The internet, mobile telephones and television - these things are so soundly integrated into society now that they are part of its essential framework.

Some countries now have mobile telephone ownership figures well in excess of population, particular high points being, perhaps unexpectedly, Montenegro and Saudi Arabia with 193 per cent and 170 per cent mobile telephone ownership respectively.

And naturally, since these things don't spring into being of their own design, they are manufactured somewhere, often in the Far East - largely China and Taiwan.

Our rapacious appetite for clothes is also often satisfied by Chinese labour, but to that you can add Indonesia, Malaysia and India among others - anywhere that labour is cheap and the labour laws are either relaxed or poorly enough enforced to ensure that the right number of goods get to market at the right price.

But this is not news.

This is how capitalism has functioned since the days of the British empire.

These are things we know and, in most cases, things we deplore.

The most recent technological furore has surrounded Foxconn, the largest private employer in China and the manufacturer of, among countless other gizmos, the iPod and iPhone, arguably the two most desired gadgets in the West.

To many they manage to remain fashionable, normal, indispensable and ingrained, which is a remarkable position.

Foxconn has been criticised over its labour practices repeatedly in recent years, and last year there were 14 suicides at one of its factories.

Foxconn has raised wages as a result, as well as taking measures to protect against future suicides, including the somewhat redundant measure of making workers sign contracts stating that they will not commit suicide and the alarming installation of anti-suicide nets ringing their factories.

Anyway, these are things many will know already.

But then why does Amnesty International, for example, have an iPad application?

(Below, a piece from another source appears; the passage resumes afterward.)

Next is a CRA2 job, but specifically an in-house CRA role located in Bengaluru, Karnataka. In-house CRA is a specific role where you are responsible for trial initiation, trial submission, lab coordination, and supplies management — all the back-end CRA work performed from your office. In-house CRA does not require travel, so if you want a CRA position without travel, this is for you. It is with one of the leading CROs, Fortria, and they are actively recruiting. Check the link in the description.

It's of course possible that the increased awareness of human rights abuses fostered by such a tool outweighs the harm perpetrated through its platform, though the revenue is another matter.

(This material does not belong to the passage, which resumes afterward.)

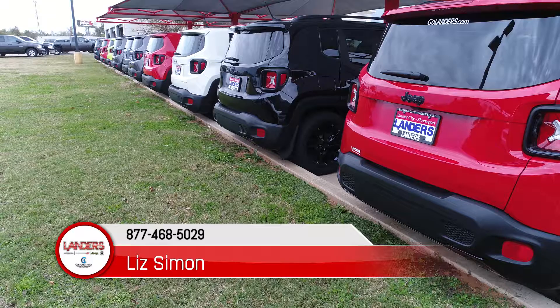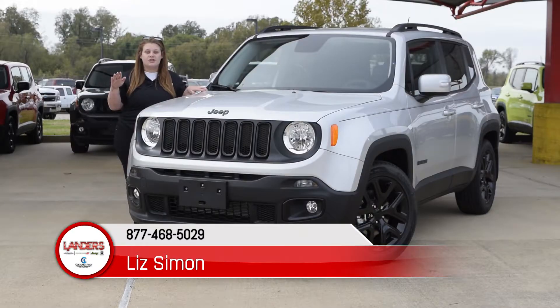Now, don't forget all Jeep Renegades come with a two-year free oil change package. If you guys have any other questions, please feel free to contact me at 318-780-2247.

The organisation paid its former general secretary Irene Khan over £500,000 following her resignation in February of this year, an impressive golden goodbye even without her £132,000 salary.

Exactly how this egress of cash helps the abused of the world is unclear.

We can only wonder, but one certainly hopes that the money raised by such promotional manoeuvres is spent responsibly.

Labour practices across the Far East have been deplorable since the age of the empire. Now people know what their purchasing decisions mean for the people at the other end of the supply chain, particularly concerning the likes of Apple, which made a net profit of $5.99bn in the first quarter of 2011.

But there's a blind-spot.

Even though the consuming public know the utterly abhorrent things that they are paying to have done to people, they just don't seem all that fussed by it.

This is the most perplexing thing of all - would you tolerate a gadget which had a built-in feature that radically shortened the life of someone you knew?

Of course not.

But the fact remains that millions of people knowingly gobble up short-life, luxury goods which come with a near guarantee that they may destroy the lives of nearly a million humans, in the case of Foxconn.

It's become normal to fetishise luxury technology, but consumers are not to blame - the mechanism through which these good are peddled is sophisticated, fiendishly planned and extremely effective.

For example, Apple's ad budget for 2010 was around $691m, a figure which is difficult to comprehend and frighteningly persuasive.

With such weight of influence it's easy to see why consumers who claim to care about the welfare of others do something that demonstrably harms them, by effectively rewarding firms for enacting unfair labour practices which only serve to drive manufacturing prices down.

It's easy to criticise the corporation that does the producing, and in fact it's quite satisfying to do so - it allows complaint and absolution to be combined into something that seems emotionally nourishing to the post-modern, technology hungry human being.

With this vicious circle spinning with ever greater speed it seems that the machines have already taken us over.